-- What the task asks --
After locating the line with "John Krasinski and" in the data that follows, return it and every later line exactly, up to and including the line with "Walter Baker Dark".

Top of Provided records

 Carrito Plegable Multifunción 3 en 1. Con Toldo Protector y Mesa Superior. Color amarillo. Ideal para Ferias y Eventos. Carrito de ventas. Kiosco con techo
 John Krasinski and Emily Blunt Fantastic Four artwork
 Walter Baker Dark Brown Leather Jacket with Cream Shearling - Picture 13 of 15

Bottom of Provided records
Top of Provided records

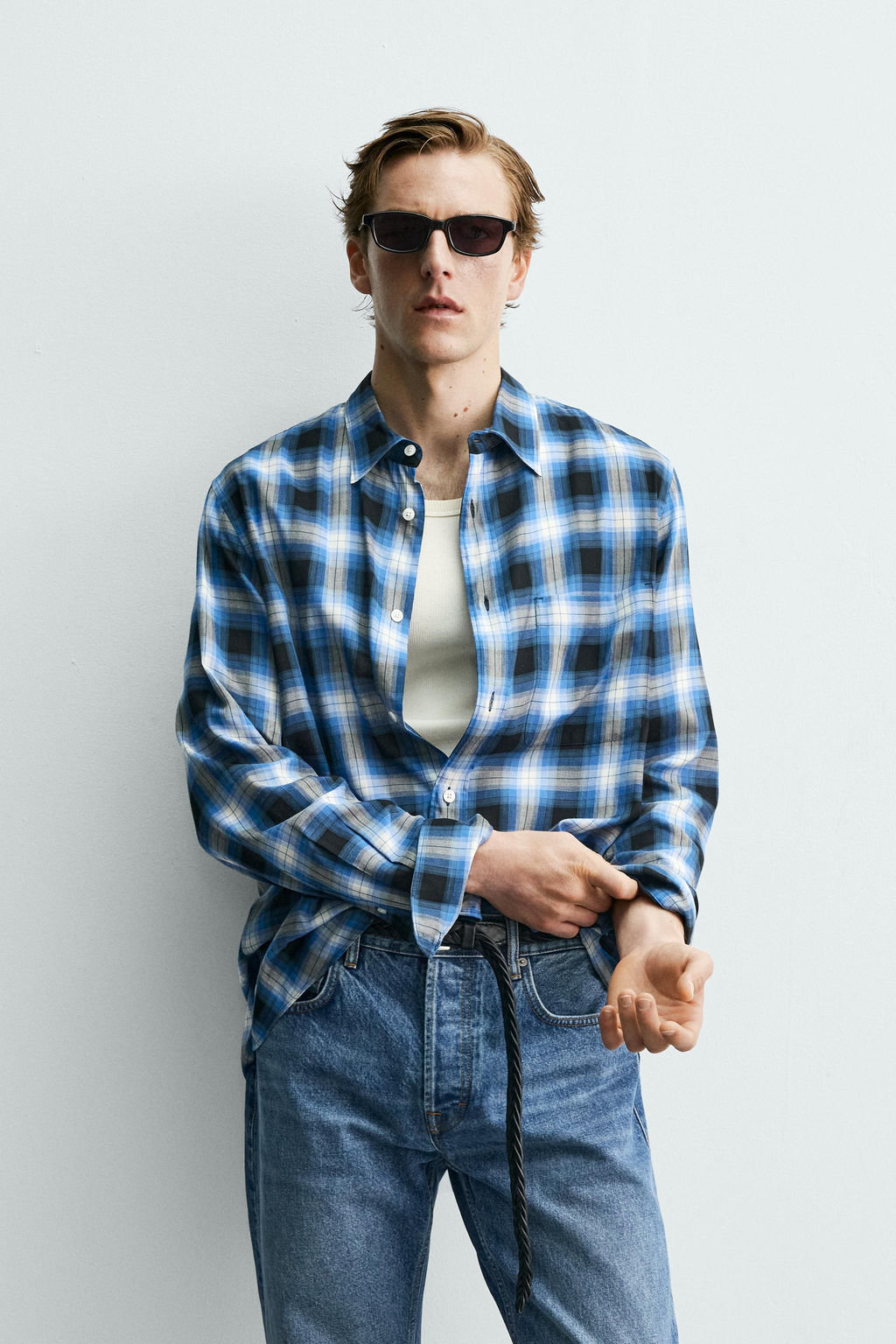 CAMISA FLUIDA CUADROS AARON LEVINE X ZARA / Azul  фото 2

Bottom of Provided records
Top of Provided records

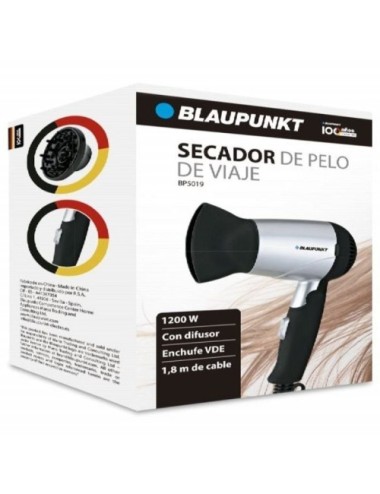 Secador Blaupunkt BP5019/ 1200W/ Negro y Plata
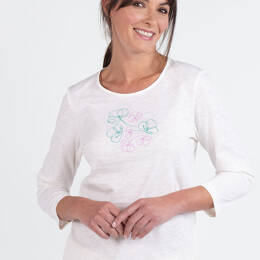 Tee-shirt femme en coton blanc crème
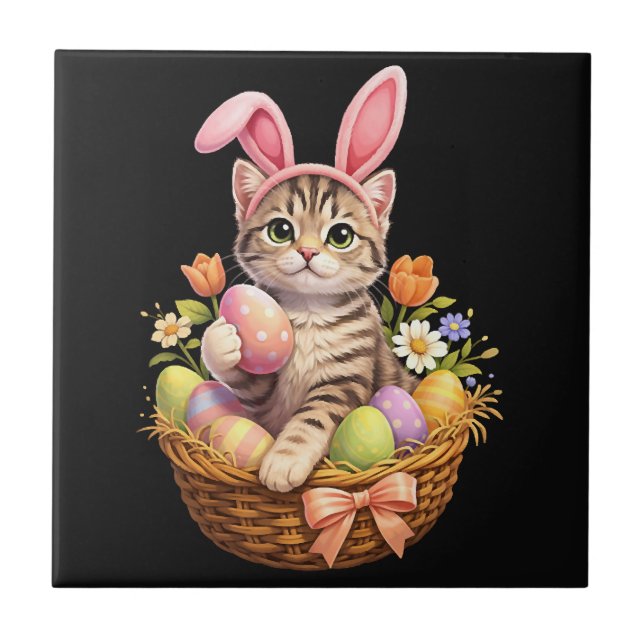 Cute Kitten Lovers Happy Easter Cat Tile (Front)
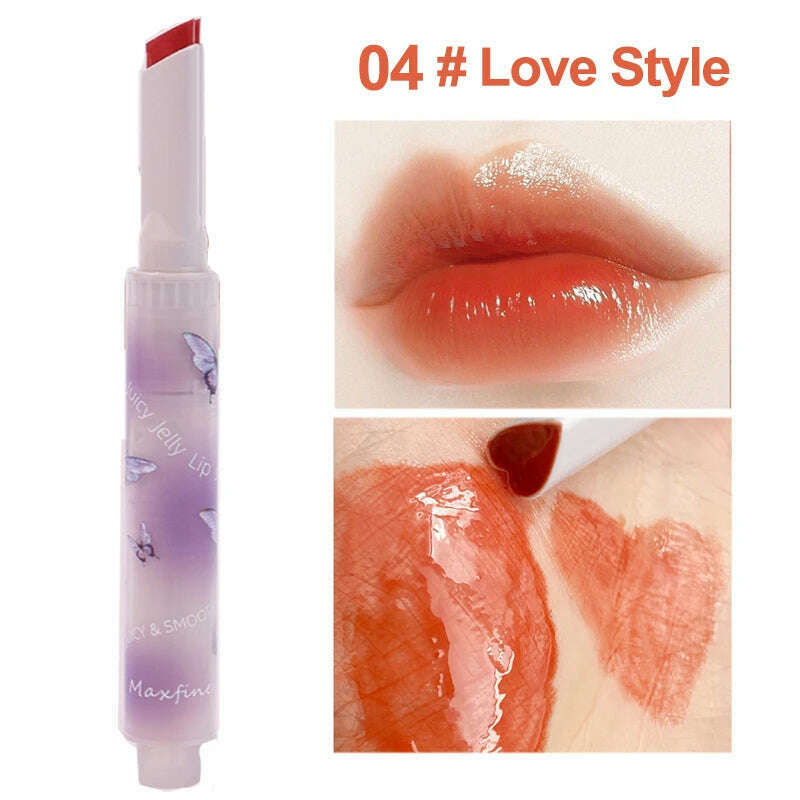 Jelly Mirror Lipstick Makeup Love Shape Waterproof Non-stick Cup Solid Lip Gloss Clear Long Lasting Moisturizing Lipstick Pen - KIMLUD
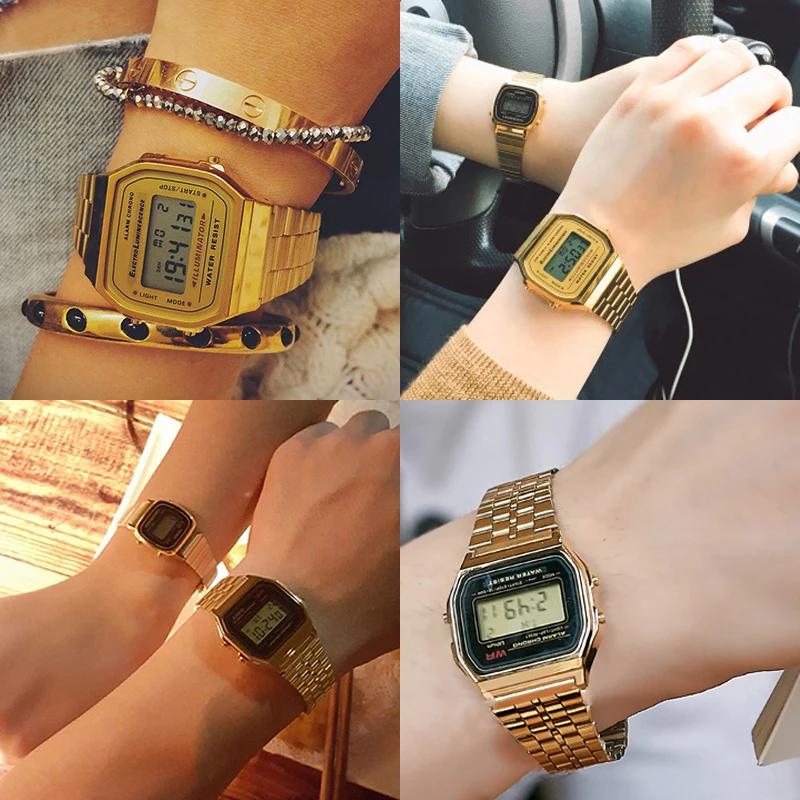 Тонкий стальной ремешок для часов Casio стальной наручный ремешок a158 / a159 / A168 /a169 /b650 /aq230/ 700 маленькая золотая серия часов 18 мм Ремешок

Bottom of Provided records

-- Task response --
 John Krasinski and Emily Blunt Fantastic Four artwork
 Walter Baker Dark Brown Leather Jacket with Cream Shearling - Picture 13 of 15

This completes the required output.